3The figures for the euro area average are for 2002 and those for Hungary, with its comparable economic level, are for 2003. The data are taken from the Hungarian central bank's Report on Financial Stability for 2003.
Chart 2 (Box)
The ratio interest expenses to disposable income reached its long-term average in 2004 Q2 (percentages)
The high rate of growth of loans has in the longer run resulted in growing financial liabilities and a deteriorating financial balance of households. Moreover, the growth in household indebtedness has not been accompanied by corresponding formation of financial assets in the form of savings. This is reflected in a rising ratio of household debt to financial assets, from 9.5% in 2000 to 13.8% in 2003 and 15% in June 2004. The analogous ratio in the EU was approximately 28.7% and that in Hungary 22.2%. The formation of financial assets, and in particular the liquid components there of in the form of cash and bank deposits, is significant as regards repaying loans during periods of financial hardship and hence as regards ensuring smooth consumption financing going forward.
Chart 3 (Box)
The household debt-financial assets ratio increased (percentages)
The ratio of households' debt to total wealth, comprising both financial and non-financial assets, has stayed at approximately 5% in the past.
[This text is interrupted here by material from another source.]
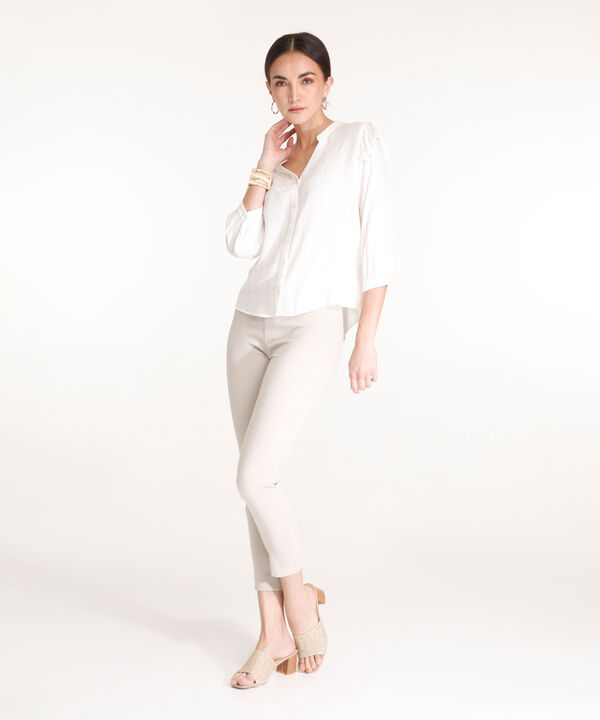 Leggings Unicolor Con Pretina Interna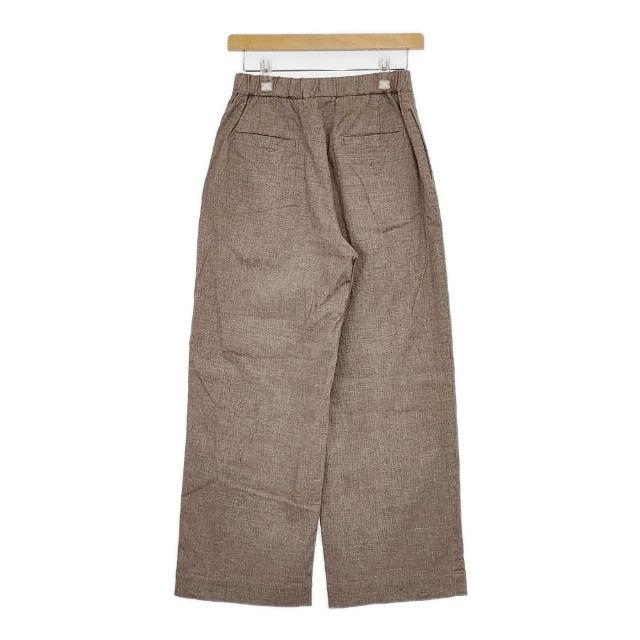 45R 45rpm コットンリネンツイードのストレッチイージーワイドパンツ 定価30800円 パンツ ブラウン レディース フォーティーファイブアールピーエム 5-0911G∞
This also reflects growth in prices of residential properties affecting the value of new loans and non-financial assets. As regards the implication for the consumption forecast, collateral value is of importance. Any reduction in this value could negatively affect the wealth and consumption of some households in the period ahead.
4No analogous indicator is available for the EU average.
Chart 4 (Box)
The financial balance of households has been deteriorating over the longer run (net financial assets as a percentage of gross disposable income, percentages)
The indicators of households' financial situation indicate that the growing debt has been accompanied in the longer term by growing costs in the form of repayments of loan principal and low formation of liquid financial assets. This has passed through into a deterioration of households' liquidity situation, which could, given an increase in the fixed mortgage interest rate, have implications for the consumption of some households going forward. Nevertheless, expectations of economic growth accompanied by stable growth in disposable income and easy real monetary conditions should help to ensure the financial stability of households and the fulfilment of the consumption forecast.